The start of the end
The piratical frontman of the Philippines' most dangerous criminal gang may be dead, but the nation's poverty-stricken south has not suddenly become safer.
Abu Sabaya's death simply means the beginning of the end of the Abu Sayyaf, the Muslim extremist group believed to number no more than 60 and linked by the United States to terrorist mastermind Osama bin Laden's al-Qaeda network.
Apart from Philippine Government officials eager for American military and financial support for their country, few Filipinos refer to the Abu Sayyaf as terrorists. The group does have satellite telephones, but its ambitions do not extend beyond kidnapping foreigners for ransom from tourist resorts and banditry. The proceeds are used to buy expensive trinkets, weapons and the support of impoverished villagers.

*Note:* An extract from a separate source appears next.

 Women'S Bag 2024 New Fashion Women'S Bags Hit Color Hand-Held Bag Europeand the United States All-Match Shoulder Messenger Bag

This is not to belittle the Abu Sayyaf's activities. They have hurt the Philippines' tourism industry and turned peaceful farming communities into war zones. Thousands of Filipino and US troops are combing the Muslim-dominant islands of Mindanao, Basilan and Jolo for the remnants of the group.
Abu Sabaya was personally responsible for dozens of executions. His shooting on a boat in Sibuco Bay does not destroy the Abu Sayyaf. They are one leader less, but not finished.
Such groups will only be eliminated when the lives of people in the southern Philippines improves. Aid and development programmes implemented by the Government and the US are slowly making this happen.
The strategy must be dedicated and long-term and continue long after the Abu Sayyaf are wiped out.